-- Records for the exercise --
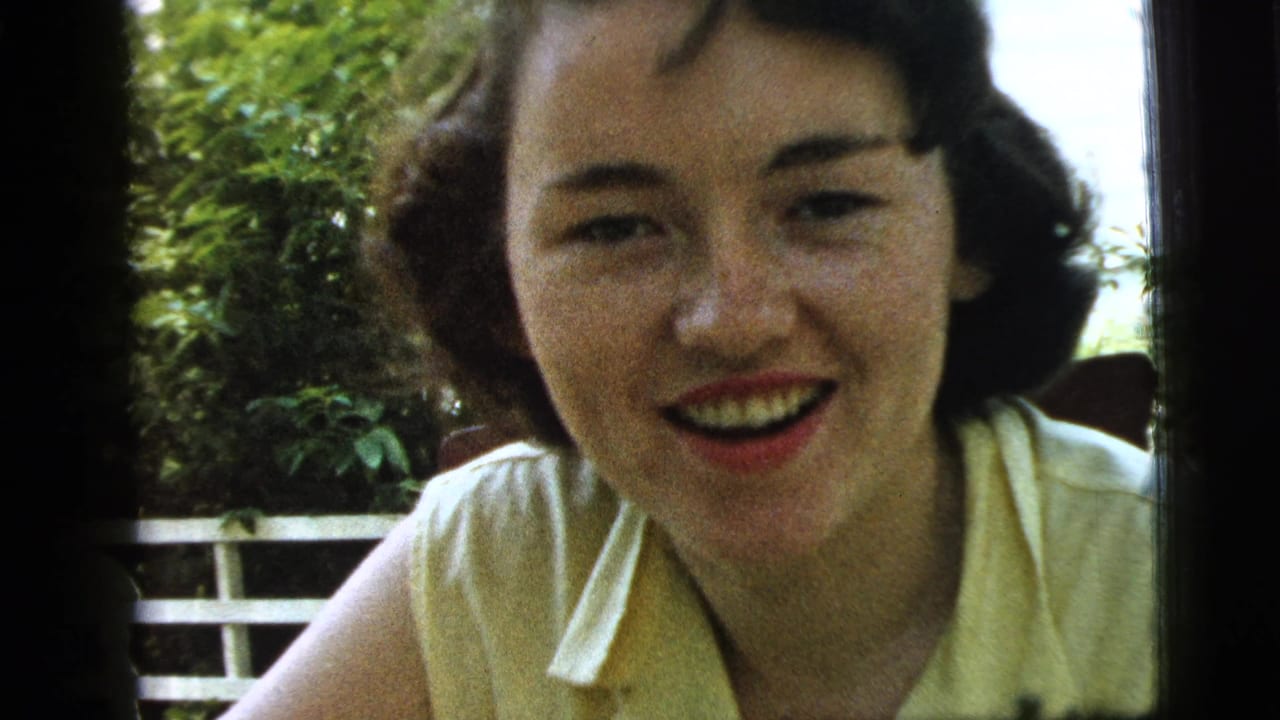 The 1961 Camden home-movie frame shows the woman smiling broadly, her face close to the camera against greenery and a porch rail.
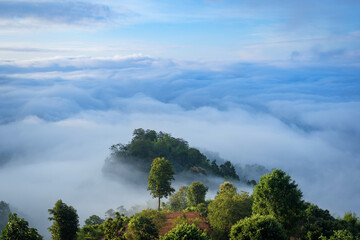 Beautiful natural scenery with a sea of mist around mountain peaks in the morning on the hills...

---

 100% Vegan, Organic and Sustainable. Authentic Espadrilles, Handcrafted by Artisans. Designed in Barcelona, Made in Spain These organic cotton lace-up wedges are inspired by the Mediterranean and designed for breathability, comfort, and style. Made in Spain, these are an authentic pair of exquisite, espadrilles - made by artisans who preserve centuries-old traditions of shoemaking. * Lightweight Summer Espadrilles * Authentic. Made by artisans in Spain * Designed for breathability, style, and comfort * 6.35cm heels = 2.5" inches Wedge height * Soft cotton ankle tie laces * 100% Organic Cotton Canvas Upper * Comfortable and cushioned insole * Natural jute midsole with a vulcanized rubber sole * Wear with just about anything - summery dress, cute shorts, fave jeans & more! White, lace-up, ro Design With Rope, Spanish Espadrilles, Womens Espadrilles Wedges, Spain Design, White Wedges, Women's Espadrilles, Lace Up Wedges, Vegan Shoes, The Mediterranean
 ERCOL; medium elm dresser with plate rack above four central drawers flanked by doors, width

-- Task objective --
Everything above from the line with "100% Vegan, Organic" to the line with "ERCOL; medium elm", both included, must be repeated exactly, and nothing outside that range.

-- Answer to this problem --
 100% Vegan, Organic and Sustainable. Authentic Espadrilles, Handcrafted by Artisans. Designed in Barcelona, Made in Spain These organic cotton lace-up wedges are inspired by the Mediterranean and designed for breathability, comfort, and style. Made in Spain, these are an authentic pair of exquisite, espadrilles - made by artisans who preserve centuries-old traditions of shoemaking. * Lightweight Summer Espadrilles * Authentic. Made by artisans in Spain * Designed for breathability, style, and comfort * 6.35cm heels = 2.5" inches Wedge height * Soft cotton ankle tie laces * 100% Organic Cotton Canvas Upper * Comfortable and cushioned insole * Natural jute midsole with a vulcanized rubber sole * Wear with just about anything - summery dress, cute shorts, fave jeans & more! White, lace-up, ro Design With Rope, Spanish Espadrilles, Womens Espadrilles Wedges, Spain Design, White Wedges, Women's Espadrilles, Lace Up Wedges, Vegan Shoes, The Mediterranean
 ERCOL; medium elm dresser with plate rack above four central drawers flanked by doors, width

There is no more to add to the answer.